Civil society members of Canadian govt. advisory body on responsible business conduct resign due to delay in granting Ombudsperson investigatory powers
"Government of Canada turns back on communities harmed by Canadian mining overseas, loses trust of Canadian civil society," 11 July 2019
Today all fourteen civil society and labour union representatives of the government’s Multi-Stakeholder Advisory Body on Responsible Business Conduct Abroad (Advisory Body) tendered their resignations. The unanimous decision to resign is due the erosion of civil society and labour unions’ trust and confidence in the government’s commitment to international corporate accountability.

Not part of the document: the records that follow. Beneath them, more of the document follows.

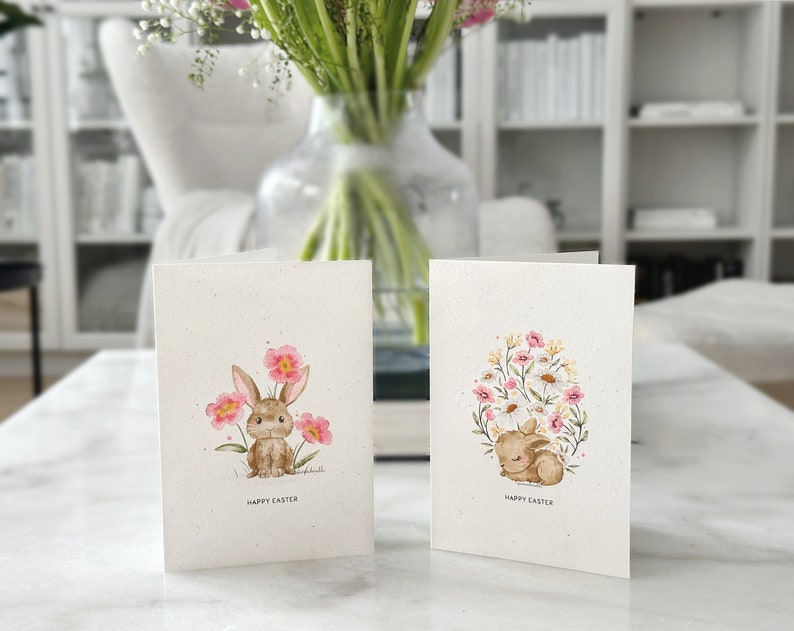 Cartes à imprimer, cartes de voeux, jolies cartes de Pâques, cartes A6, impression à la maison, cartes numériques, téléchargement immédiat, cartes par Sannadorable image 5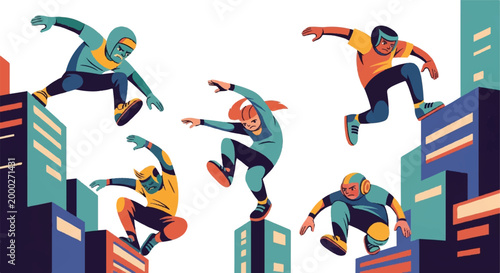 Urban parkour athletes leaping across cityscape rooftops illustration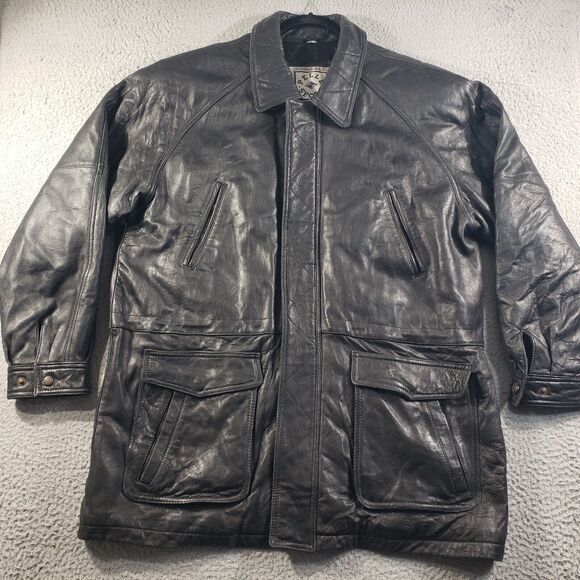 Vintage Pelle Sport Leather Jacket Mens XL Extra Large Black Full Zip Motorcycle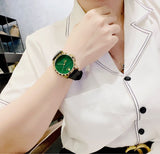 Gucci Le Marche Des Merveilles Quartz Green Dial Black Leather Strap Watch For Women - YA126463 Authentic Buy Shop Now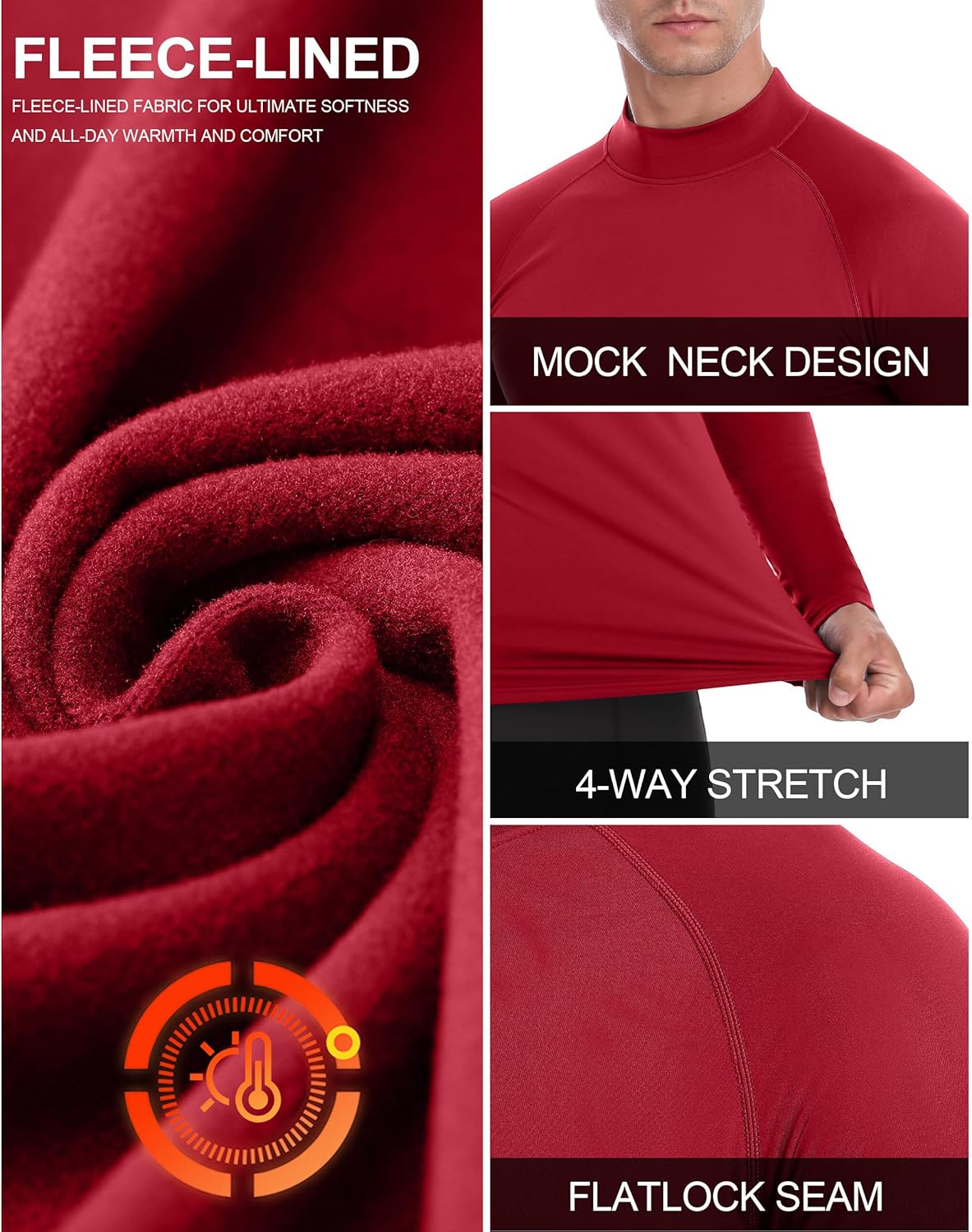 Men's Thermal Compression Shirts, Long Sleeve Fleece Lined Turtleneck Undershirt, Cold Weather Ski Base Layer Tops - Image 3
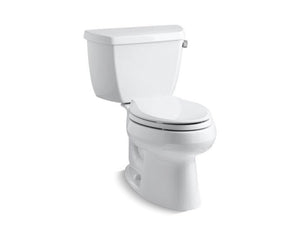 KOHLER 3575-RA-0 Wellworth Classic Two-Piece Elongated 1.28 Gpf Toilet With Right-Hand Trip Lever in White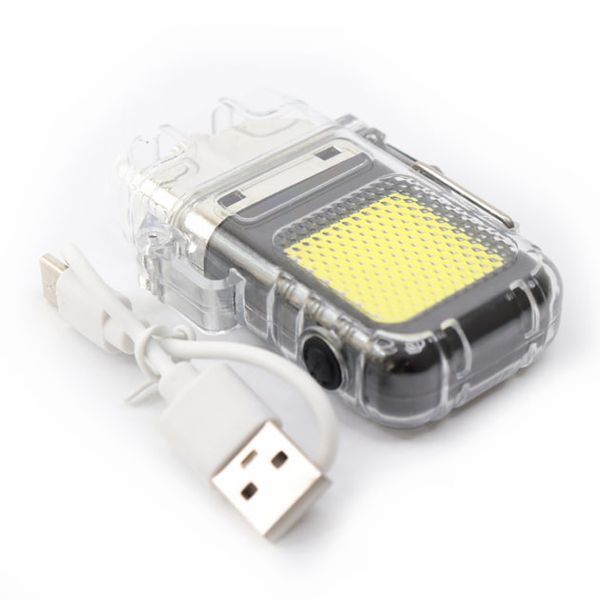 Електроімпульсна USB-запальничка з LED ліхтариком &bull; Запальничка з ліхтариком Cigarette Lighter FLASHLIGHT HY8810-1 JS-C01A Type-C 56189 фото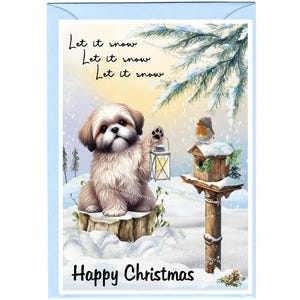 Cartão de Natal do cão Shih Tzu (6" x 4") em branco por dentro - com envelope. Item perfeito para qualquer amante de cães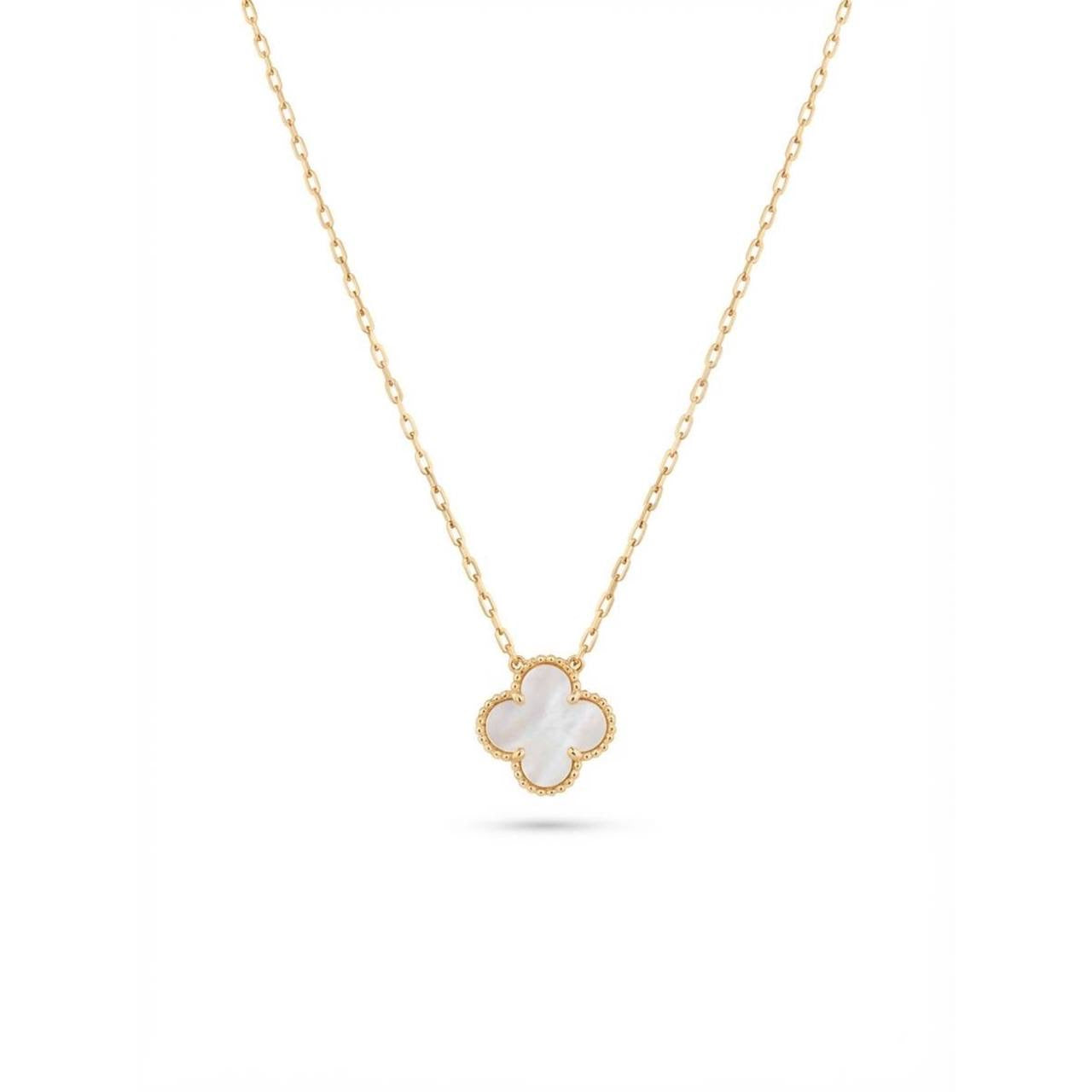 Gold Mother of Pearl Clover Necklace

In January 2018, the government publicly announced the creation of a Canadian Ombudsperson for Responsible Enterprise (CORE) and committed to entrusting the office with the necessary tools to conduct credible independent investigations, including the power to compel documents and summon witnesses... The government’s decision to backtrack on its promise in April 2019, and instead appoint a special advisor to the Minister of International Trade Diversification without needed investigatory powers, has amounted to a betrayal of civil society and labour unions’ trust, erosion of our confidence and concerns that the government has not acted in good faith during consultations... Organizations have continued to wait for further developments over the past three months, since the April 8, 2019 announcement of an independent legal review on the CORE’s investigatory powers. Minister Carr indicated on that day that the review would be completed within 4 to 5 weeks... Three months later, the study has not been made public, the CORE remains without meaningful powers to serve impacted communities and workers... Civil society and labour members of the Advisory Body note that the only way that the government can restore trust is by replacing the CORE’s mandate by an order pursuant to the Inquiries Act, as a bridge towards legislation in the next government.